Quanto al contenuto, Sergio Leone profonde nel film una visione della vita molto pessimistica e piuttosto cinica. La violenza regna sovrana, ed esplode improvvisa quando meno la si aspetta, mentre la vita umana non ha nessun valore. A questo proposito, le scene degli omicidi e dei pestaggi fanno stringere lo stomaco. L'amore viene mancato per stupidità, i matrimoni sono infelici o si rimane amaramente da soli, gli interessi politico-economici fagocitano ogni altro valore e le persone insieme. Si può dire che non rimanga neanche l'amicizia, bensì solo un vago rispetto e una gelida lealtà tra amici d'infanzia, o meglio tra ex complici di azioni criminose.
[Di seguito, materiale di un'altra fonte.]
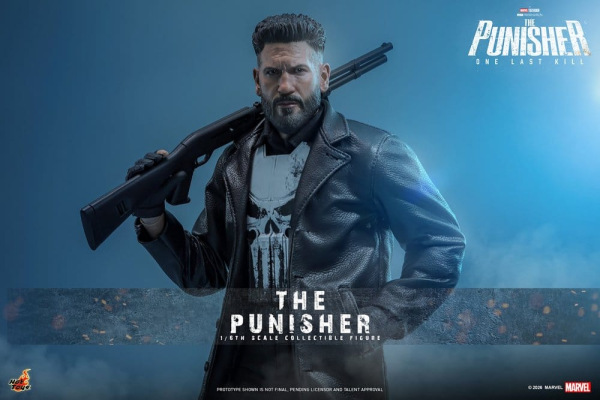 Marvel Television Masterpiece Action Figure 1/6 The Punisher 31 cm 1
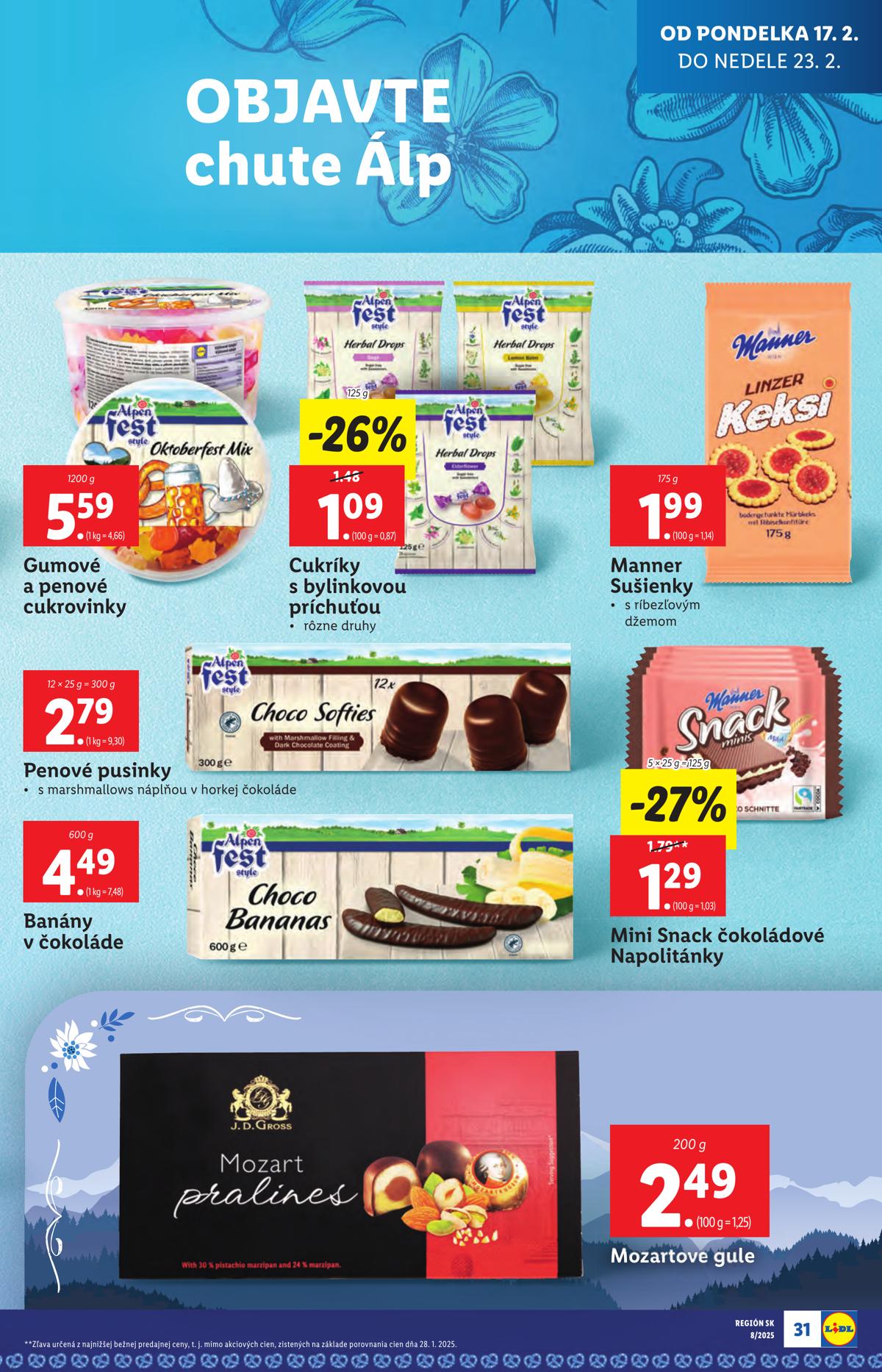 LIDL leaflet 32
Due episodi mi hanno colpito per come Leone affonda il coltello del cinismo nello spettatore: la prostituta ragazzina che si concede a più uomini nell'arco di pochi minuti, e l'impiegata masochista della banca che viene rapinata. Per un attimo sembra che voglia proteggere il direttore, in realtà vuole farsi picchiare per un perverso piacere, anche se poi il bandito ne approfitta anche per violentarla nel bel mezzo della rapina. Questa la visione della vita e del mondo che il regista comunica con il suo film. Del resto anche i suoi western di tanti anni prima non erano molto diversi sotto questo aspetto.
Troppi tempi dilatati, dicevo, e i dialoghi lunghi. Almeno in due casi, però, la lentezza è solida e densa, e quindi non è un difetto. Direi che sono momenti di grande cinema: il dialogo al cimitero del protagonista con l'impresaria di monumenti funebri (Louise Fletcher in un cameo), e il dialogo tra il personaggio di James Woods e il politico truffaldino.
Gli attori, comunque, sono tutti bravi, a cominciare dai due protagonisti. Joe Pesci e Danny Aiello naturalmente fanno gli scagnozzi italoamericani del boss della mala, ruolo per il quale hanno una vocazione speciale.
Lo so che da molti è considerato un capolavoro. Io, però, dopo averne riconosciuto i meriti e gli enormi sforzi profusi (troppi?), non mi sento di dargli più che un "sufficiente".